A method for selecting either the horizontal or vertical planar mode based on the DIMD mode (hereinafter, referred to as DIMD mode-based selection method 1) may be adaptively used based on at least one of the size or the slice type of the current block.

Specifically, when the size of the current block is less than a predetermined threshold size, the DIMD mode-based selection method 1 may be used, otherwise, the DIMD mode-based selection method 1 may not be used. Here, the size of the current block may be defined by at least one of the width or the height, or may be defined as a minimum/maximum value of the width and the height, or a product of the width and the height. The threshold size is pre-defined identically for the encoding apparatus and the decoding apparatus, and may be 32, 64, 128, 256, 516, or greater. As an example, when the size of the current block is less than 32×32, the DIMD mode-based selection method 1 may be used, otherwise, the DIMD mode-based selection method 1 may be restricted from being used. When the product of the width and the height of the current block is less than 1024, the DIMD mode-based selection method 1 may be used, otherwise, the DIMD mode-based selection method 1 may be restricted from being used. When either the width or the height of the current block is less than 32, the DIMD mode-based selection method 1 may be used, otherwise, the DIMD mode-based selection method 1 may be restricted from being used. Alternatively, the threshold size may be variably determined based on information indicating the maximum size of a block for which the DIMD mode is allowed. The information may be signaled in at least one of the VPS, the PPS, the PH, the APS, or the SH.

Since the DIMD mode-based selection method 1 is used when the size of the current block is less than a predetermined threshold size, the signaling of the planar direction flag may be omitted. On the other hand, since the DIMD mode-based selection method 1 is not used when the size of the current block is greater than or equal to the predetermined threshold size, the planar direction flag may be signaled, and either the horizontal or vertical planar mode may be selected based on the signaled planar direction flag. By adaptively using the DIMD mode-based selection method 1 depending on the size of the current block, efficient signaling of the planar direction flag between a block size with a low occurrence frequency and a block size with a high occurrence frequency may become possible, and improvement of the processing speed in the encoding/decoding apparatus can be expected.

Alternatively, without signaling the above-described second planar flag and planar direction flag, based on the DIMD mode, the intra prediction mode of the current block may be derived as one of the non-directional planar mode, the horizontal planar mode, or the vertical planar mode.

When the DIMD mode falls within a predetermined first range determined based on the value (modeH) of the horizontal mode, which is a directional mode, the intra prediction mode of the current block may be inferred as the horizontal planar mode.

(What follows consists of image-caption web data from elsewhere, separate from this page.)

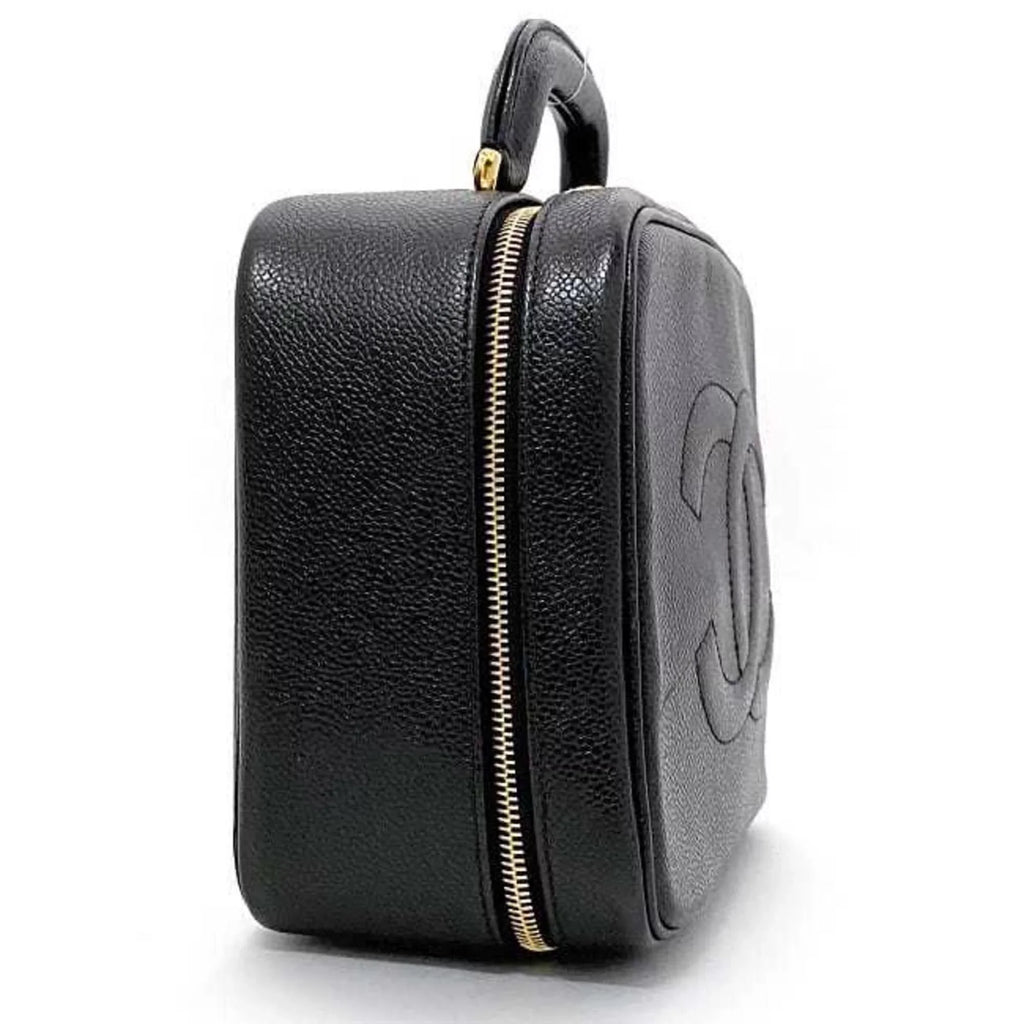 Pre-Owned Chanel Handbag Vanity Bag charcoal Gold Cocomark A07061 Leather GP Caviar Skin 4th CHANEL Stitch (Good)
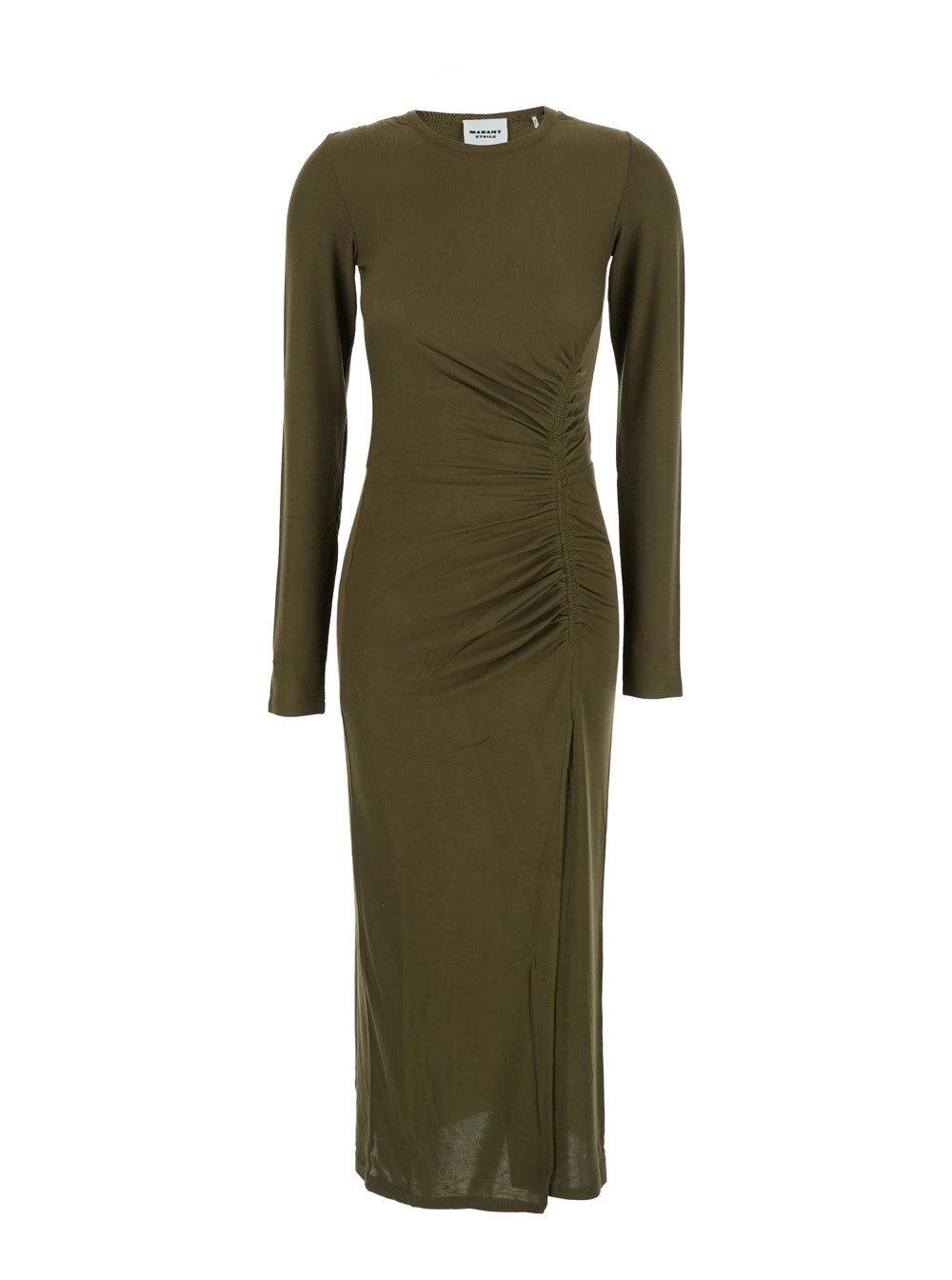 Marant etoile Abito Midi 'Jelina' con Scollo Rotondo e Dettaglio con Ruches in Modal Stretch Verde Donna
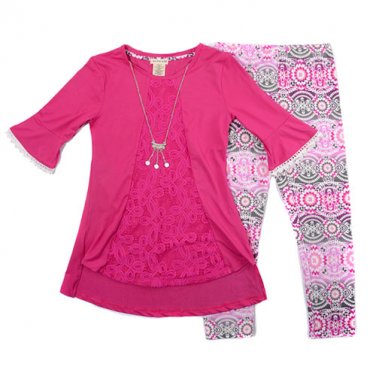 Girls Size 7-8 One Step Up Solid Lace Panel Top & Leggings Set B639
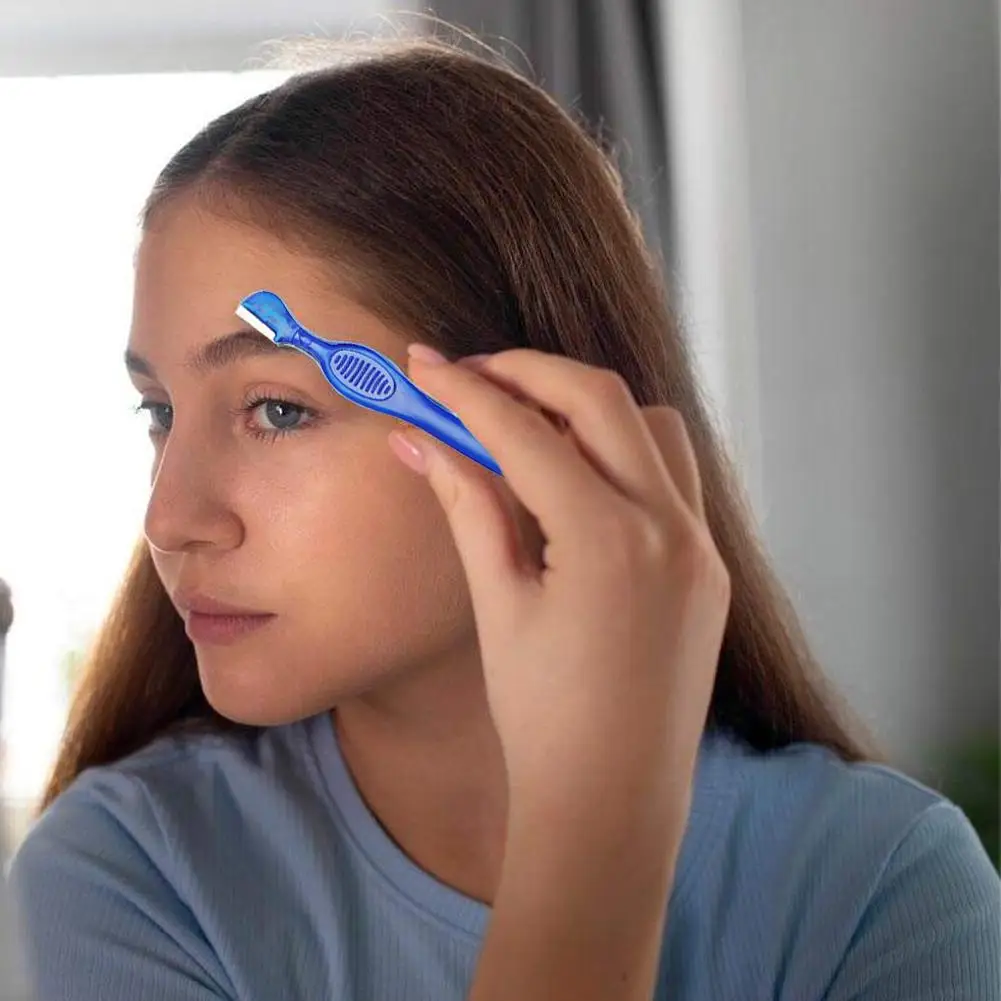 Pettine per lama di rasoio per sopracciglia Mini rasoio per sopracciglia portatile Rasoi per il viso multiuso Strumento per trucco di bellezza in acciaio inossidabile per donne e uomini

Here, the predetermined range may mean a range from a value obtained by subtracting M from the value of the horizontal mode (modeH−M) to a value obtained by adding M to the value of the horizontal mode (modeH+M). For example, when the value of the horizontal mode is 18, M is 5, and the value of the DIMD mode is 16, the value of the DIMD mode falls within a range from 13 to 23, and therefore the intra prediction mode of the current block may be inferred as the horizontal planar mode.

Similarly, when the DIMD mode falls within a predetermined second range determined based on the vertical mode which is a directional mode, the intra prediction mode of the current block may be inferred as the vertical planar mode. Here, the predetermined range may mean a range from a value of the vertical mode minus M (modeV−M) to a value of the vertical mode plus M (modeV+M). For example, when the value of the vertical mode is 50, M is 5, and the value of the DIMD mode is 46, the value of the DIMD mode falls within a range from 45 to 55, and therefore the intra prediction mode of the current block may be inferred as the vertical planar mode.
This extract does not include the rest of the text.